Eventually the leap second pace will indeed accelerate to the point that a monthly (or even weekly or daily) rate fails to sample the underlying waveform acceptably well. At that point - what? Will our multi-millennial grandchildren find it reasonable to allow their clocks to register day for night? Perhaps the thought is that some entirely different clock will be used (one imagines some futuristic variation on a "metric" clock). What difference does that make? The same underlying issues will remain. The rates between the Earth and the Atomic (or Antimatter :-) clocks will diverge and some scheme will be needed to synchronize them.

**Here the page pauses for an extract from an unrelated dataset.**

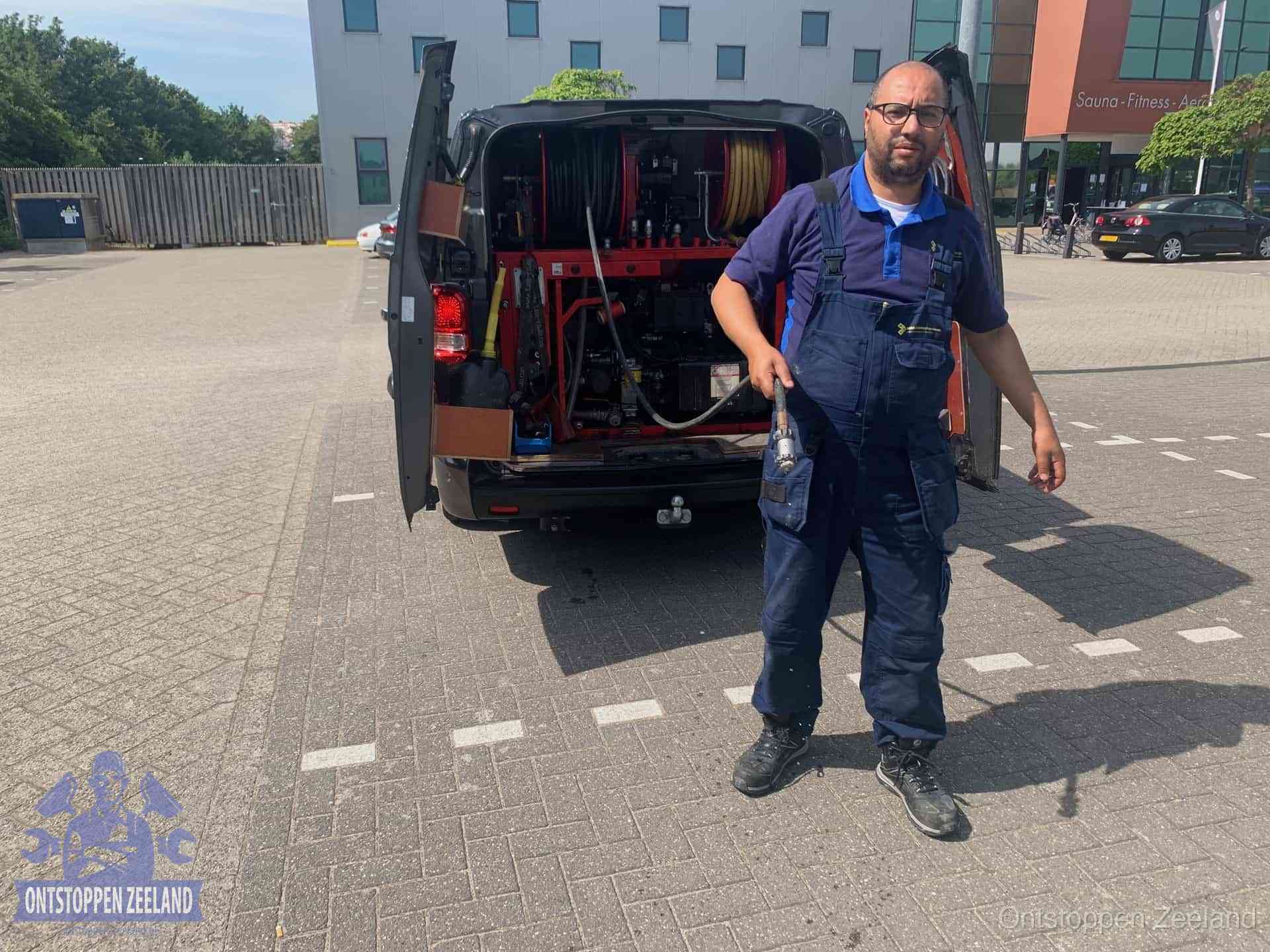 Een monteur bij zijn bestelbus met een hogedruk- en rioolreinigingsunit, klaar om de oorzaak van terugkerende wc-verstoppingen aan te pakken in Zeeland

So - they will need to find some reasonable revision of the fundamental unit of time. Or more likely, they will define a civil second that is some fraction longer than the "scientific" second. And then they will continue to issue leap seconds on a palatable schedule according to the Earth's whims. (The future PTTI community would have the freedom to select an epoch for such a change that would correspond to some nice round number or even ratio of fundamental physical constants, and thus perhaps even simplify the handling of time units.)

Redefine the unit to match the long term variation. Schedule leap seconds for the short term deviations. That is - adjust watch A's rate every few millennia AND reset watch E in between.

In any event, the suggested monthly scheduling of leap seconds should be good for the next 500 or 1000 years - by which time the more sci-fi suggestions that we won't care in the future as we spread through the cosmos will be shown to be silly. Are most of the Earth's inhabitants ever likely to leave the ground? How many millennia will pass before the majority of our species lives elsewhere? Actually, let's assume that we will indeed have a future interest in synchronizing multiple diurnal rates - Earth AND Mars, say - with our master clock (or vice versa). Won't that be made much easier with a more rapid scheduling cadence of single leap seconds (on both planets), than with the infrequent and inflexible scheduling of much larger jumps? It certainly won't be possible if we schedule no leap seconds at all.

PRECIS

Allowing UTC to drift from UT1 would be to abandon a central mission of the precision timing community. The unacceptable nature of this would become clear in decades or merely in years - not only after millennia or centuries. We would be implementing a hobbled time scale that would be the ridicule of future historians and scientists.

Degrading UTC to allow much larger discontinuities on a much less frequent schedule will only encourage lazy engineering, programming and management practices. Both the heightened amplitude and lengthened period are guaranteed to make future Y2K-like crises more likely. We would sacrifice everyone's (literally everyone's) long term peace of mind for the short term expediency of a minority of special interests.

On the other hand, a monthly leap second sampling rate would improve UTC. It is already permitted under the standard. A monthly pace of leap second handling would quickly sort out those precision timing projects that actually need to use UTC from those that would better benefit from an unsegmented timescale such as TAI. This is not an issue that can be avoided, and as such we should face it head on. Quickly reaching a consensus on a solution to this non-crisis would allow the community to turn its attention back to the real needs of both UTC and TAI clients - how to communicate standard time signals reliably and remotely.

CCIR 460-4 states:

"GMT may be regarded as the general equivalent of UT."
Let's preserve the original intent of the standard.